Publications

RNAcare: integrating clinical data with transcriptomic evidence using rheumatoid arthritis as a case study

Authors: Mingcan Tang, William Haese-Hill, Fraser Morton, Carl Goodyear, Duncan Porter, Stefan Siebert, Thomas D Otto

BMC Medical Genomics •

Gene expression analysis is a crucial tool for uncovering the biological mechanisms that underlie differences between patient subgroups, offering insights that can inform clinical decisions. However, despite its potential, gene expression analysis remains challenging for clinicians due to the specialised skills required to access, integrate, and analyse large datasets. Existing tools primarily focus on RNA-Seq data analysis, providing user-friendly interfaces but often falling short in several critical areas: they typically do not integrate clinical data, lack support for patient-specific analyses, and offer limited flexibility in exploring relationships between gene expression and clinical outcomes in disease cohorts. Users, including clinicians with a general knowledge of transcriptomics, however, who may have limited programming experience, are increasingly seeking tools that go beyond traditional analysis. To overcome these issues, computational tools must incorporate advanced techniques, such as machine learning, to better understand how gene expression correlates with patient symptoms of interest.

paraCell: a novel software tool for the interactive analysis and visualization of standard and dual host–parasite single-cell RNA-seq data

Authors: Edward Agboraw, William Haese-Hill, Franziska Hentzschel, Emma Briggs, Dana Aghabi, Anna Heawood, Clare R Harding, Brian Shiels, Kathryn Crouch, Domenico Somma, Thomas D Otto

Nucleic Acids Research •

Advances in sequencing technology have led to a dramatic increase in the number of single-cell transcriptomic datasets. In the field of parasitology, these datasets typically describe the gene expression patterns of a given parasite species at the single-cell level under experimental conditions, in specific hosts or tissues, or at different life cycle stages. However, while this wealth of available data represents a significant resource, analysing these datasets often requires expert computational skills, preventing a considerable proportion of the parasitology community from meaningfully integrating existing single-cell data into their work. Here, we present paraCell, a novel software tool that allows the user to visualize and analyse pre-loaded single-cell data without requiring any programming ability. The source code is free to allow remote installation. On our web server, we demonstrated how to visualize and re-analyse published Plasmodium and Trypanosoma datasets. We have also generated Toxoplasma–mouse and Theileria–cow scRNA-seq datasets to highlight the functionality of paraCell for pathogen–host interaction.
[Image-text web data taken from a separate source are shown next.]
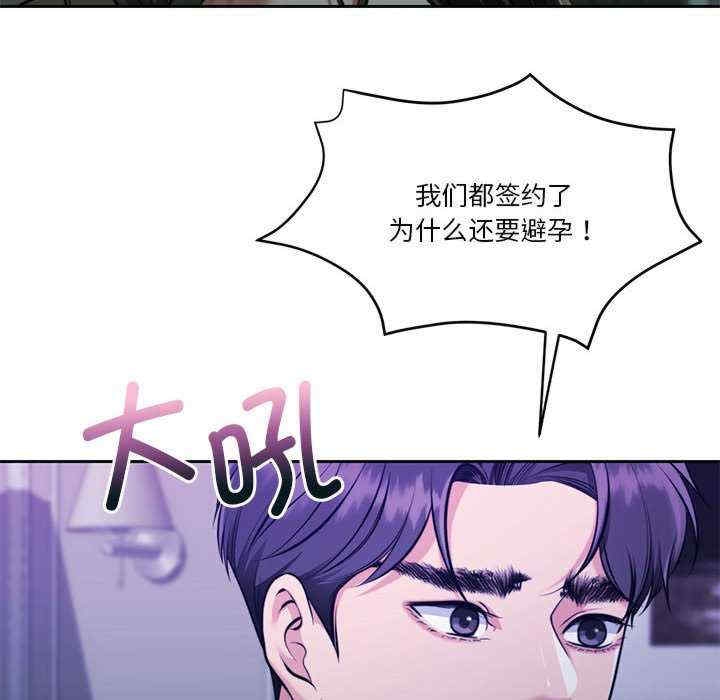 第155张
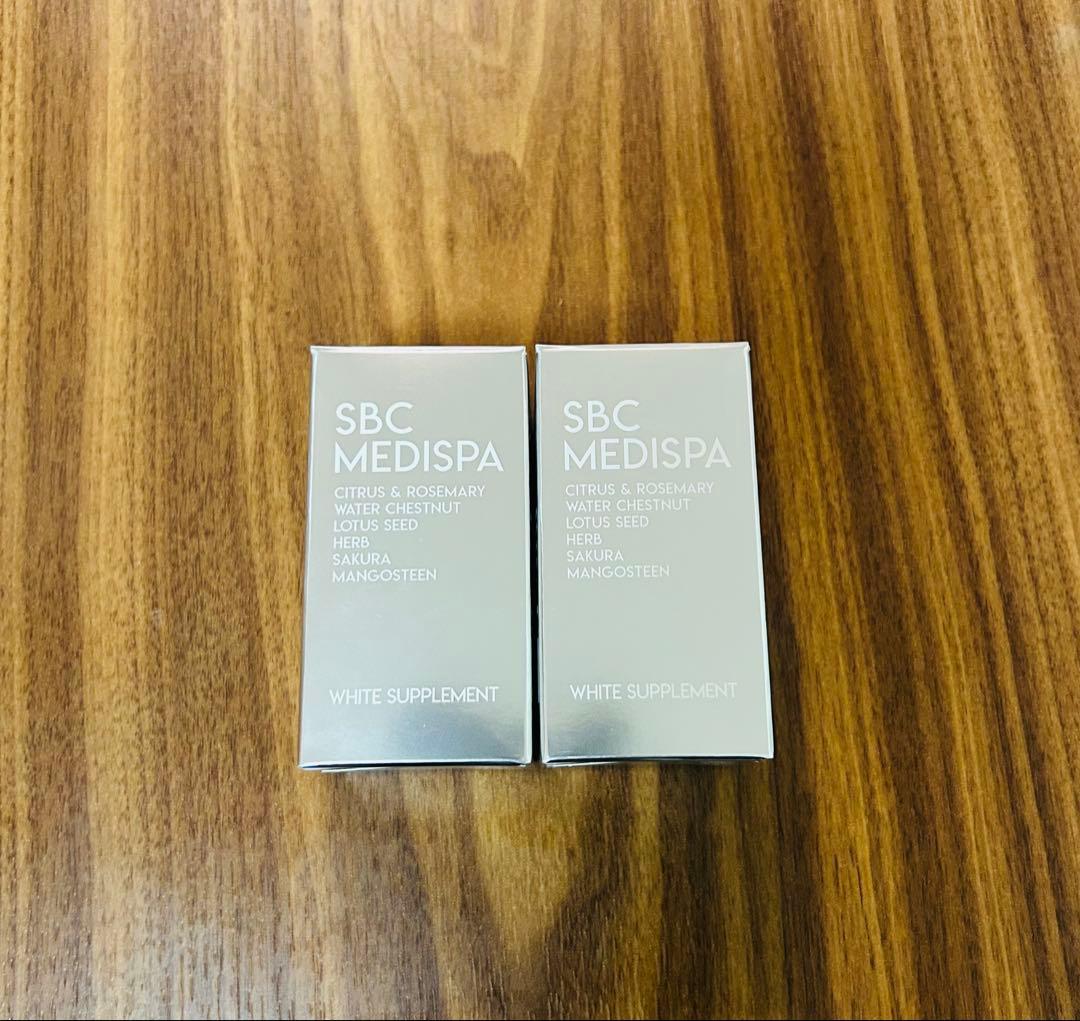 SBC MEDISPA ホワイトサプリメント 日焼け止め　2個セット SBC MEDISPA / SBC MEDISPA ホワイトサプリメントの公式商品情報｜美容
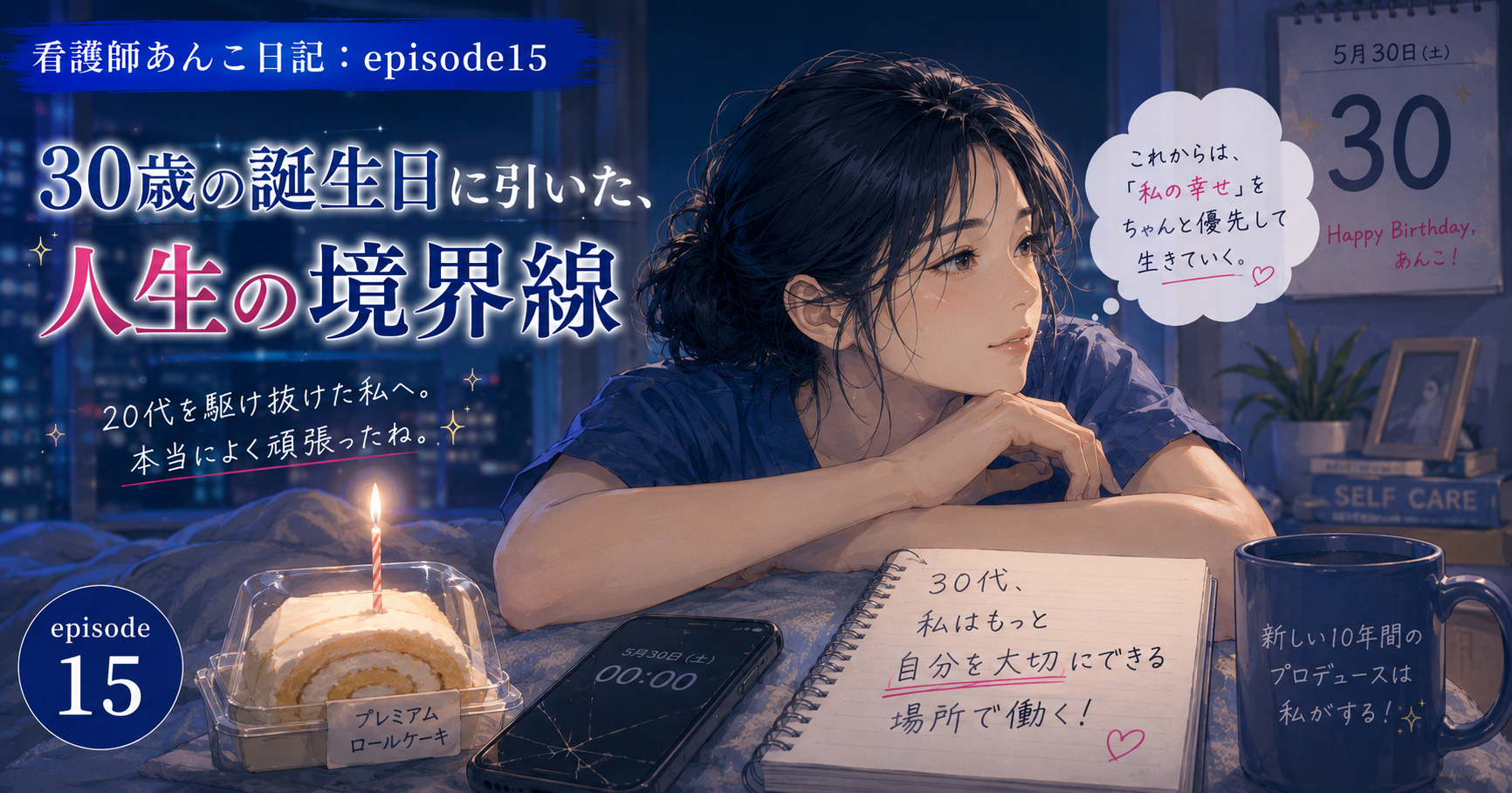 30歳の誕生日に決めた。「このままの働き方はもう続けない」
The analysis of the data highlights the impact of the host interferon-γ response and gene expression profiles associated with disease susceptibility by these intracellular parasites, respectively.
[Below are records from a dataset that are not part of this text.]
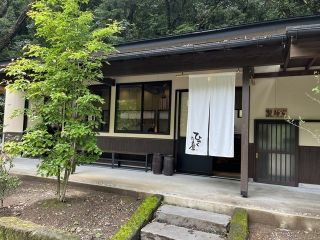 家族温泉 野の香写真２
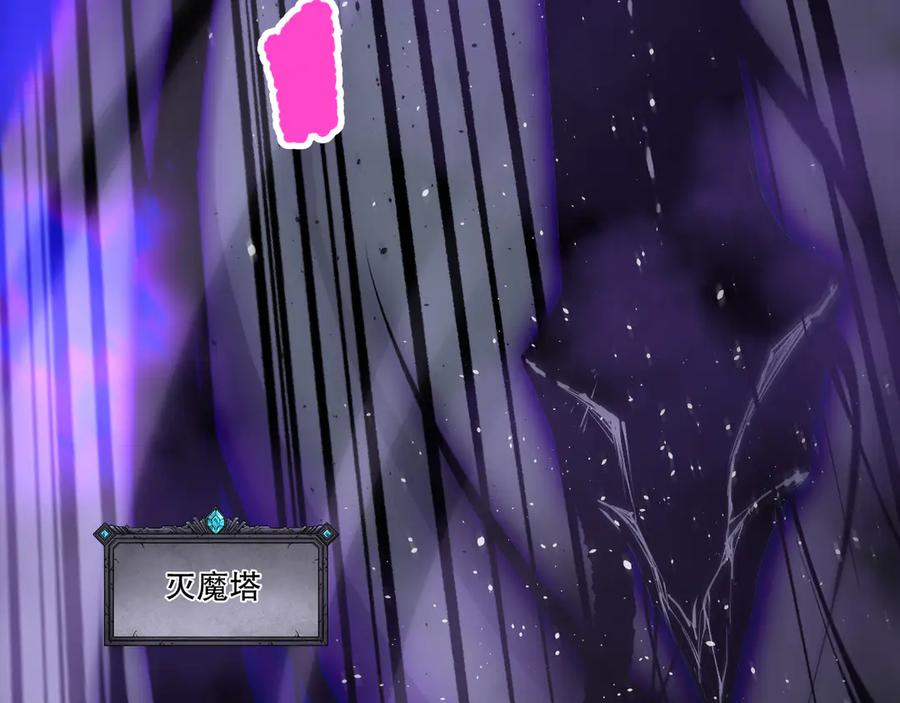 死灵法师！我即是天灾 第195话 核心重铸 第131页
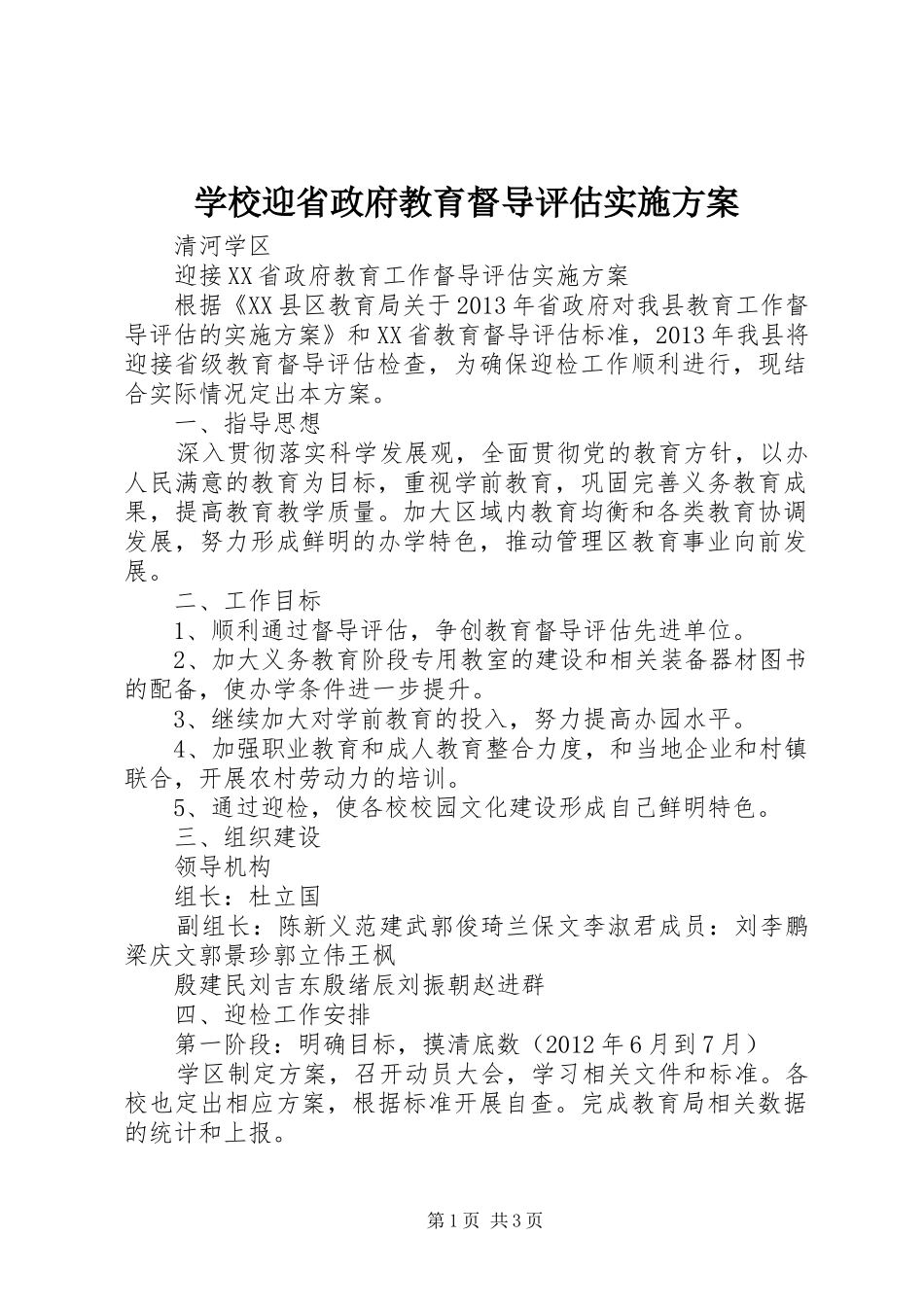 学校迎省政府教育督导评估方案 _第1页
Annotation and visualization of parasite, fungi and arthropod genomes with Companion

Authors: William Haese-Hill, Kathryn Crouch, Thomas D Otto

Nucleic Acids Research •

As sequencing genomes has become increasingly popular, the need for annotation of the resulting assemblies is growing. Structural and functional annotation is still challenging as it includes finding the correct gene sequences, annotating other elements such as RNA and being able to submit those data to databases to share it with the community. Compared to de novo assembly where contiguous chromosomes are a sign of high quality, it is difficult to visualize and assess the quality of annotation. We developed the Companion web server to allow non-experts to annotate their genome using a reference-based method, enabling them to assess the output before submitting to public databases. In this update paper, we describe how we have included novel methods for gene finding and made the Companion server more efficient for annotation of genomes of up to 1 Gb in size. The reference set was increased to include genomes of interest for human and animal health from the fungi and arthropod kingdoms. We show that Companion outperforms existing comparable tools where closely related references are available.
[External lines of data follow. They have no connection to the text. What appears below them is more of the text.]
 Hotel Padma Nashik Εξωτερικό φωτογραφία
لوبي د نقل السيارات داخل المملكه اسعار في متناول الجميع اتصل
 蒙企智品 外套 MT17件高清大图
peaks2utr: a robust Python tool for the annotation of 3′ UTRs

Authors: William Haese-Hill, Kathryn Crouch, Thomas D Otto

Bioinformatics •

Annotation of nonmodel organisms is an open problem, especially the detection of untranslated regions (UTRs). Correct annotation of UTRs is crucial in transcriptomic analysis to accurately capture the expression of each gene yet is mostly overlooked in annotation pipelines. Here we present peaks2utr, an easy-to-use Python command line tool that uses the UTR enrichment of single-cell technologies, such as 10× Chromium, to accurately annotate 3′ UTRs for a given canonical annotation.